◆ **Work required**:
Only the lines from the one bearing "Women's Fashion Floral" through the end of the entries should be output, exactly as they stand, and pictures should be skipped.

◆ **Supplied records**:
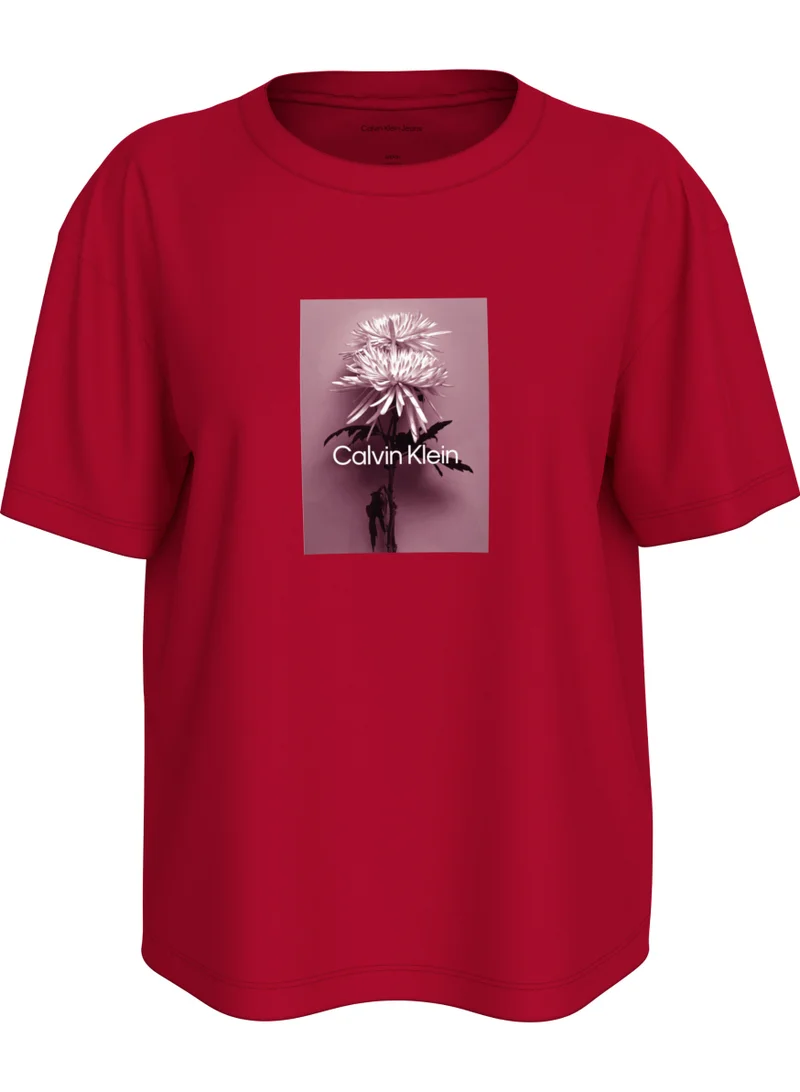 Flower Logo Boxy T-Shirt Crimson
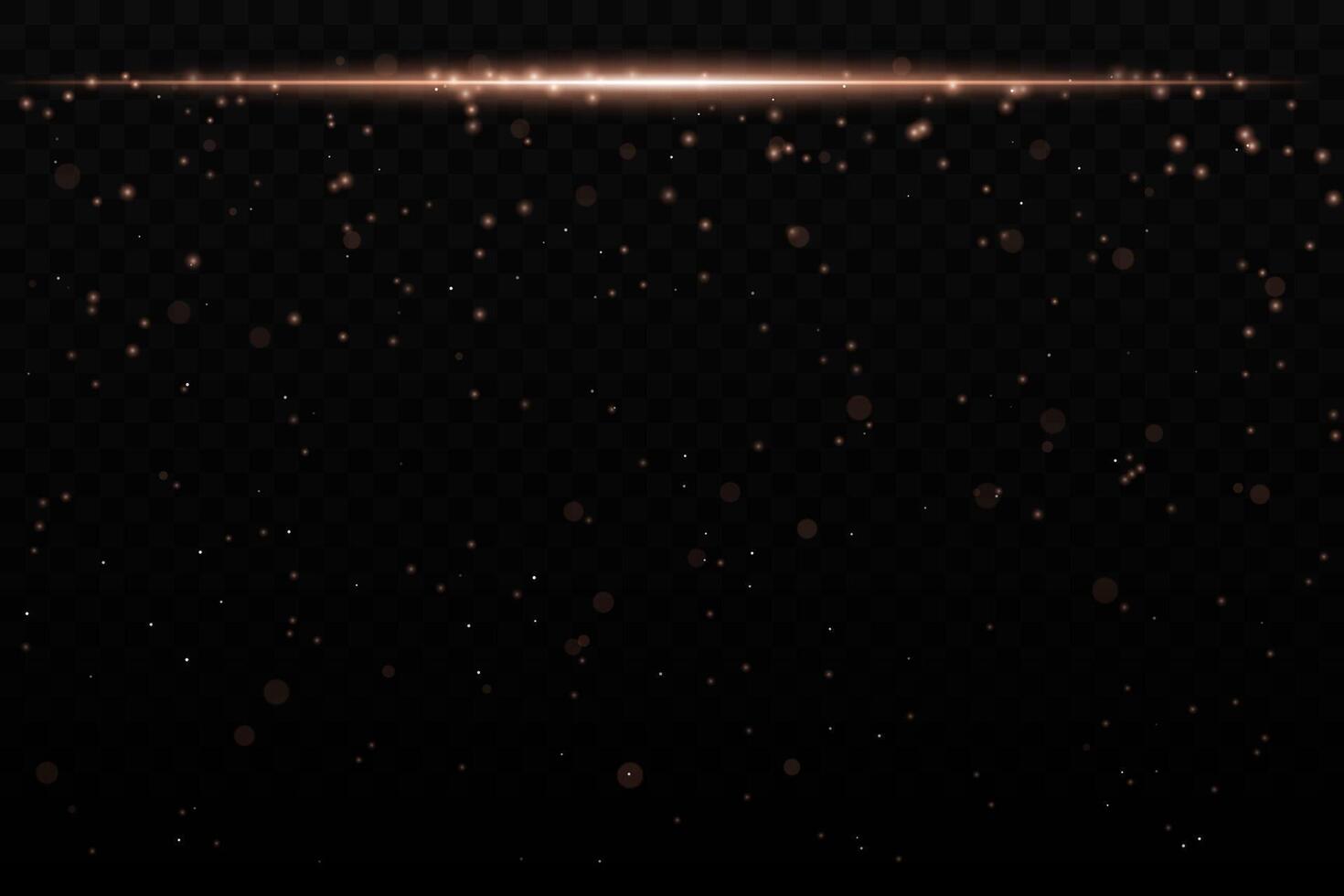 Orange sparkling light effect with subtle glowing particles on a dark background, ideal for sci-fi, cosmic, or night sky themes. The horizontal beam adds a dynamic futuristic feel. vector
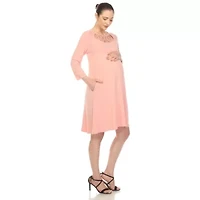 Maternity CrissCross Neckline Swing Dress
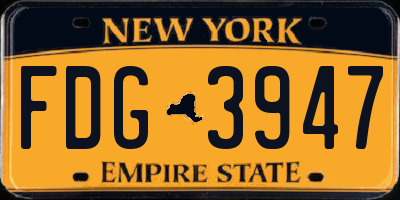 NY license plate FDG3947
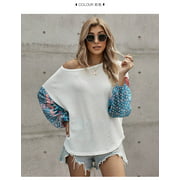 Women's Fashion Floral Panel Knitted Tops Long-Sleeved T-shirt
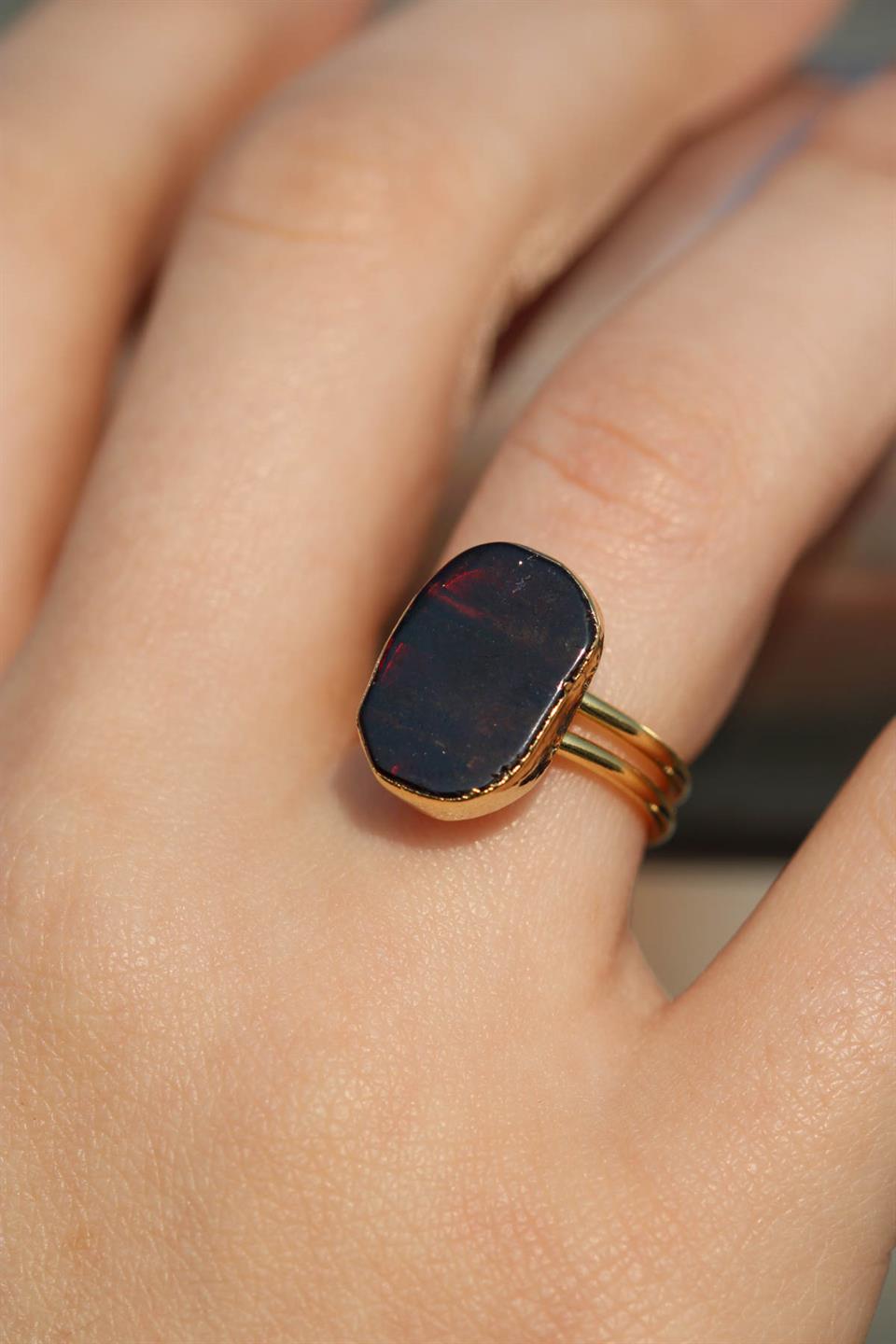 Granat (Garnet-Lal) Oval Model Altın Kaplama Ayarlanabilir Doğal Taş Yüzük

◆ **Solution for this problem**:
 Women's Fashion Floral Panel Knitted Tops Long-Sleeved T-shirt
 Granat (Garnet-Lal) Oval Model Altın Kaplama Ayarlanabilir Doğal Taş Yüzük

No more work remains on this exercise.